TASK BRIEF: What you return must match the listing below character for character, minus any pictures.

SUPPLIED DATA:
BEGIN

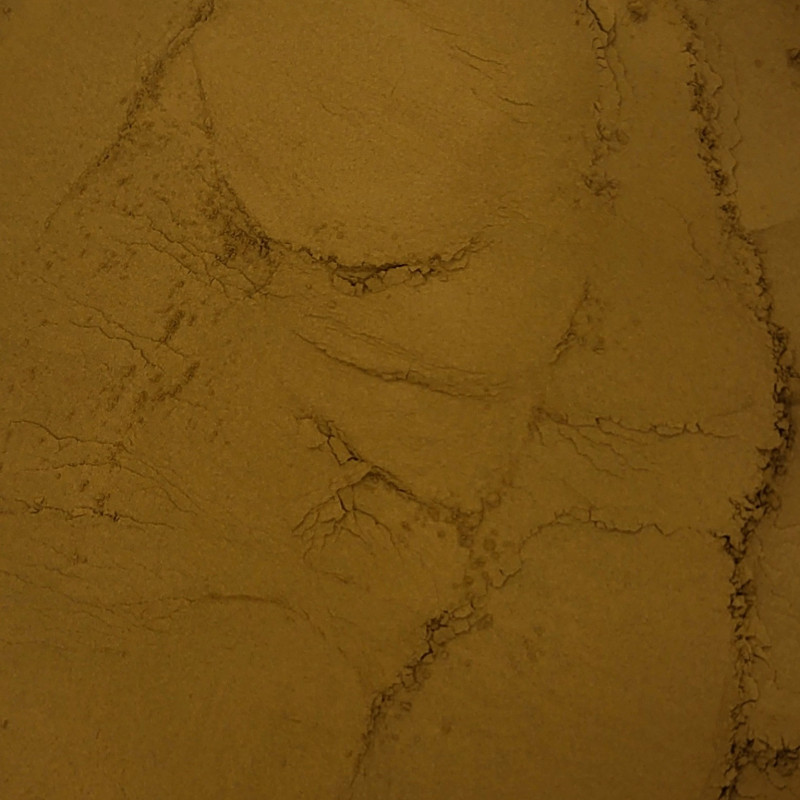 TERRE BRUNE ILE D'ELBE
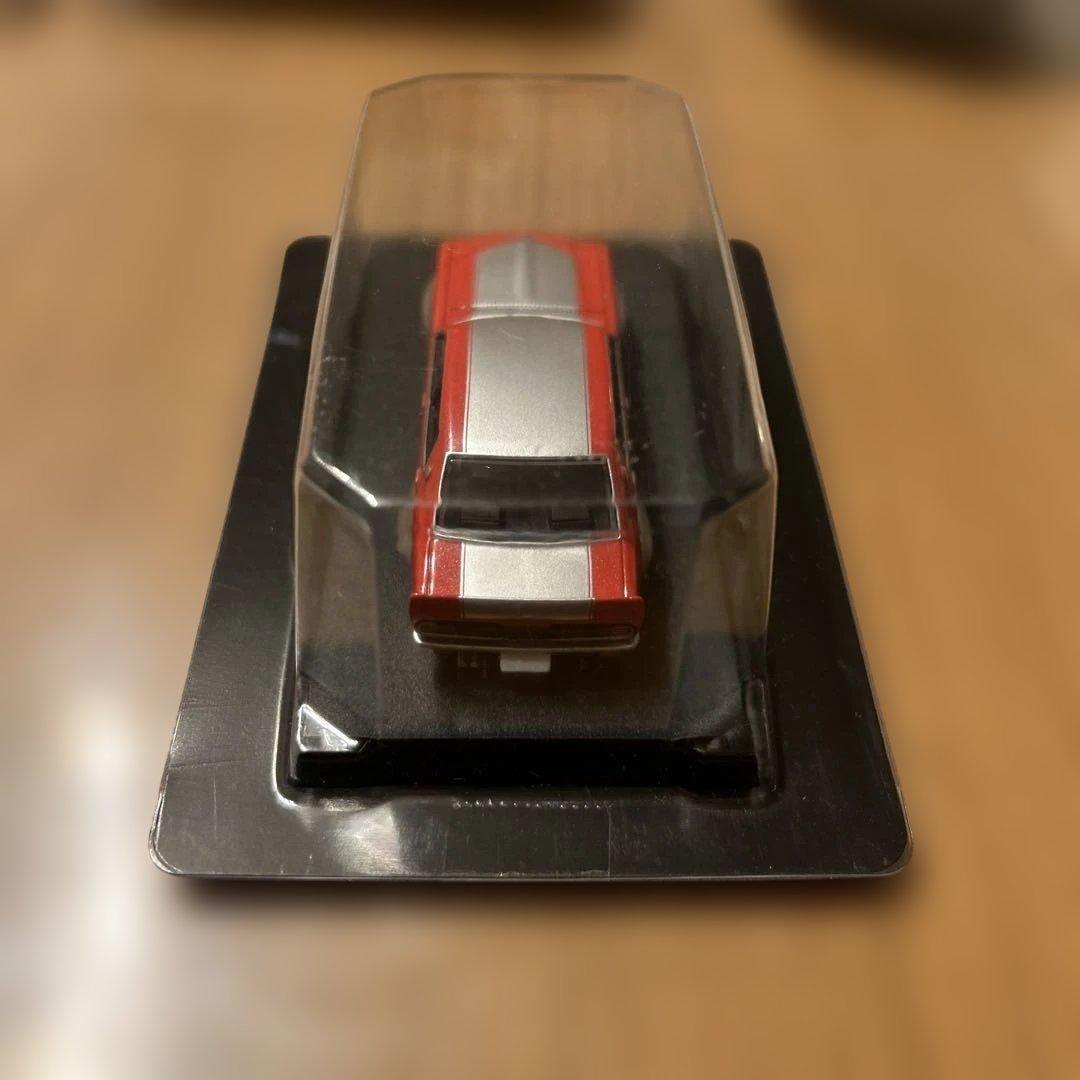 グラチャンコレクション 第16弾 サメブルシークレット - メルカリ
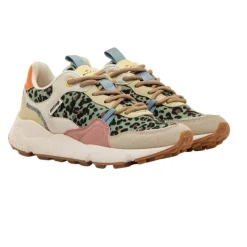 Zapatillas Mustang 60431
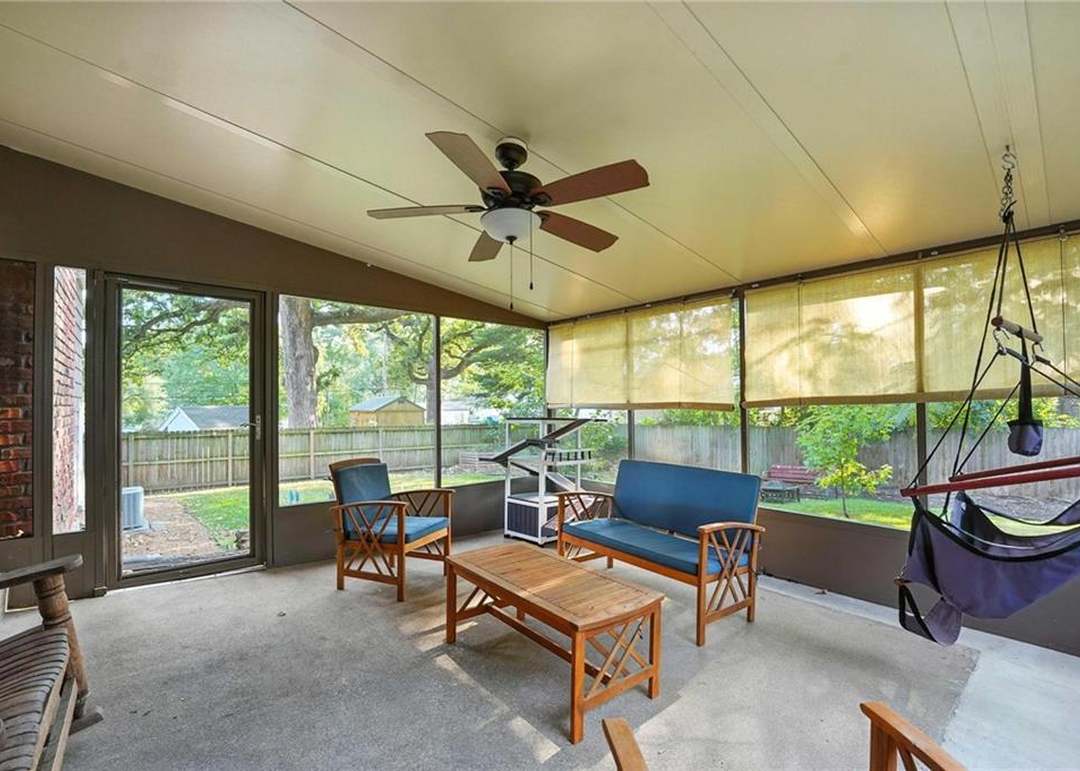 6728 Mackey Street — photo 34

END

SOLUTION FOR THIS PROBLEM:
 TERRE BRUNE ILE D'ELBE
 グラチャンコレクション 第16弾 サメブルシークレット - メルカリ
 Zapatillas Mustang 60431
 6728 Mackey Street — photo 34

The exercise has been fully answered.